[PATCH v2] mm: dmapool: use provided gfp flags for all dma_alloc_coherent() calls
Sebastian Hesselbarth
sebastian.hesselbarth at gmail.com
Tue Jan 15 15:05:50 EST 2013
On 01/15/2013 05:56 PM, Jason Cooper wrote:
> Greg,
>
> I've added you to the this thread hoping for a little insight into USB
> drivers and their use of coherent and GFP_ATOMIC. Am I barking up the
> wrong tree by looking a the drivers?
>
> On Mon, Jan 14, 2013 at 12:56:57PM +0100, Soeren Moch wrote:
>> On 20.11.2012 15:31, Marek Szyprowski wrote:
>>> dmapool always calls dma_alloc_coherent() with GFP_ATOMIC flag,
>>> regardless the flags provided by the caller. This causes excessive
>>> pruning of emergency memory pools without any good reason.
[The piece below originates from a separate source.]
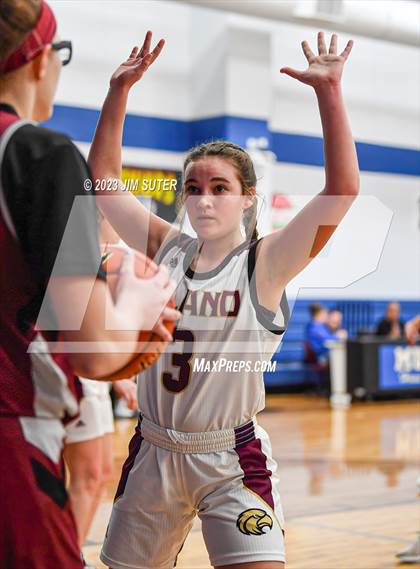 Thumbnail 2 in A&M Consolidated vs Milano (Cotton Christmas Classic) photogallery.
Additionaly,
>>> on ARM architecture any driver which is using dmapools will sooner or
>>> later trigger the following error:
>>> "ERROR: 256 KiB atomic DMA coherent pool is too small!
>>> Please increase it with coherent_pool= kernel parameter!".
>>> Increasing the coherent pool size usually doesn't help much and only
>>> delays such error, because all GFP_ATOMIC DMA allocations are always
>>> served from the special, very limited memory pool.
>>>
>>> This patch changes the dmapool code to correctly use gfp flags provided
>>> by the dmapool caller.
>>>
>>> Reported-by: Soeren Moch<smoch at web.de>
>>> Reported-by: Thomas Petazzoni<thomas.petazzoni at free-electrons.com>
>>> Signed-off-by: Marek Szyprowski<m.szyprowski at samsung.com>
>>> Tested-by: Andrew Lunn<andrew at lunn.ch>
>>> Tested-by: Soeren Moch<smoch at web.de>
>>
>> Now I tested linux-3.7.1 (this patch is included there) on my Marvell
>> Kirkwood system. I still see
>>
>> ERROR: 1024 KiB atomic DMA coherent pool is too small!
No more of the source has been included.